Olivia esperaba una recepción de boda alegre y libre de dramas, pero treinta minutos después, su suegra, Linda, arruinó deliberadamente su momento. Fingiendo tropezar, Linda derramó una copa entera de vino tinto directamente por la parte delantera del vestido blanco personalizado de Olivia, el cual había tardado ocho meses en elegir y pagar. Mientras Linda jadeaba dramáticamente e insistía en que había sido un accidente, una sonrisa sutil y satisfecha delató sus verdaderas intenciones. La hermana de Olivia, Megan, intentó en vano limpiar la mancha difícil en el baño, dejando a Olivia desconsolada. Cuando Olivia encontró a su esposo, Ronald, él reconoció de inmediato la intención maliciosa de su madre. En lugar de crear una escena en la recepción, Ronald le pidió a Olivia que confiara en él durante unos días mientras reunía pruebas en silencio para manejar la situación a su manera.

Durante los siguientes cuatro días, Ronald recopiló videos de los invitados que demostraban claramente que Linda se había girado y había inclinado su copa deliberadamente sobre el vestido sin tropezar jamás. El viernes por la mañana, vistió a Olivia con ropa formal y la llevó a la empresa de marketing de Linda durante una presentación crítica para un cliente importante, el Carlton Medical Group. Frente a sus colegas y clientes potenciales, Ronald colocó una botella de vino tinto sin abrir en el podio y le pidió a Linda que confirmara si el incidente había sido un accidente. Cuando ella se reafirmó en su mentira, Ronald conectó una unidad al proyector y reprodujo la secuencia de pruebas claras en video para que toda la sala las viera.

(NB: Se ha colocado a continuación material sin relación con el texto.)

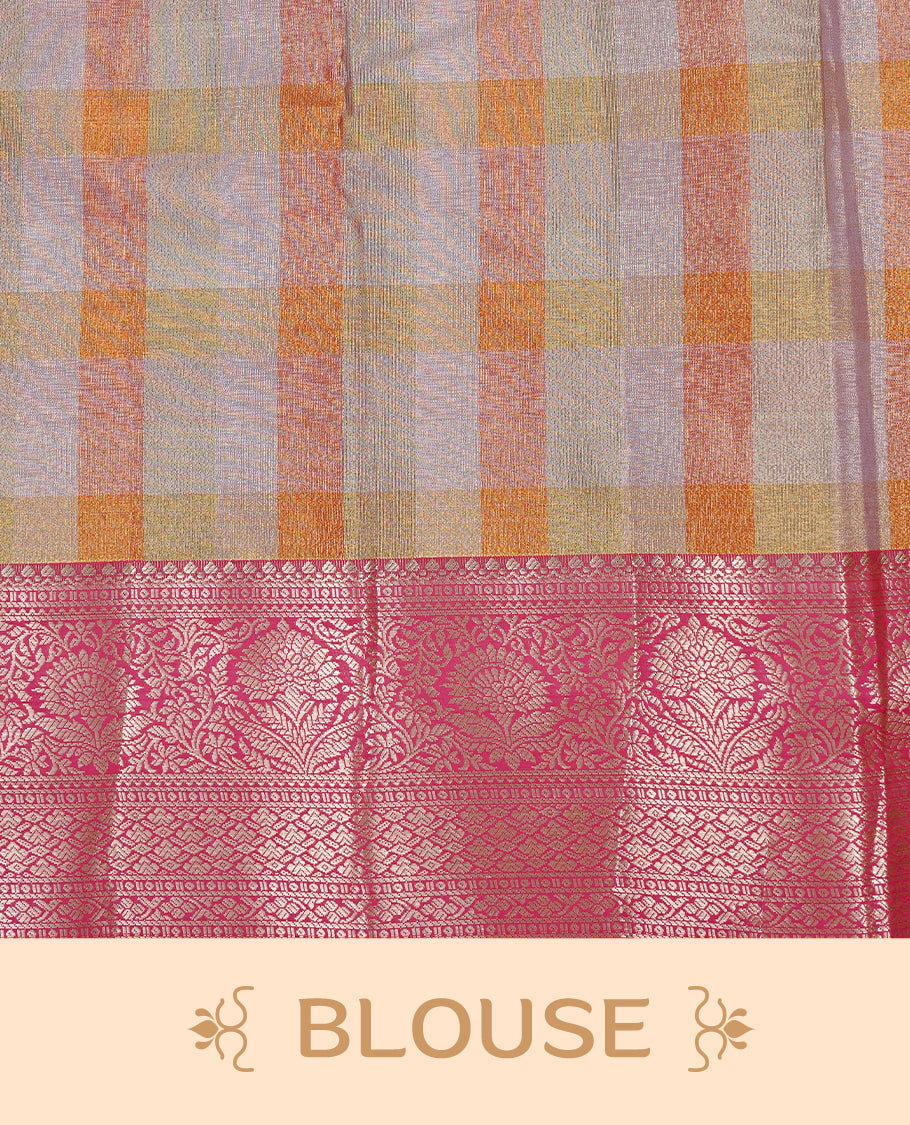 Light green, Orange & Yellow Colour Tissue Saree featuring Multi colour Check Design on body, complemented by contrast Magenta colour with Gold zari border, paired with matching blouse piece.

Volviendo su propia táctica en su contra, le infligió la misma humillación pública que ella le había infligido a su esposa en su boda.

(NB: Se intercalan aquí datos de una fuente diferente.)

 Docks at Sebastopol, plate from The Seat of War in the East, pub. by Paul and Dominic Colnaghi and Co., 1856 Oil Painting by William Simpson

Las consecuencias en el trabajo fueron inmediatas y graves para Linda. Su empresa perdió la lucrativa cuenta de Carlton después de que los ejecutivos cuestionaran su credibilidad, y la retiraron de la trayectoria de liderazgo y de sus responsabilidades de cara al cliente. Al darse cuenta del costo devastador de sus acciones, Linda llegó a la casa de Olivia y Ronald dos semanas después para ofrecer una disculpa sincera. Admitió que su comportamiento tóxico se debía a sentimientos irracionales de estar perdiendo a su hijo y al deseo de hacer que Olivia se sintiera insignificante en su día especial.

Aunque Olivia le otorgó el perdón, tanto ella como Ronald dejaron en claro que reconstruir la confianza llevaría tiempo y que ahora existían límites firmes. En última instancia, la tenue mancha que quedó en el vestido de novia limpio de Olivia sirvió como un discreto recordatorio de la lealtad inquebrantable de su esposo. Ronald había demostrado que los lazos familiares no otorgan a nadie permiso para tratar mal a los demás, asegurando que su matrimonio comenzara sobre una base de respeto mutuo y protección.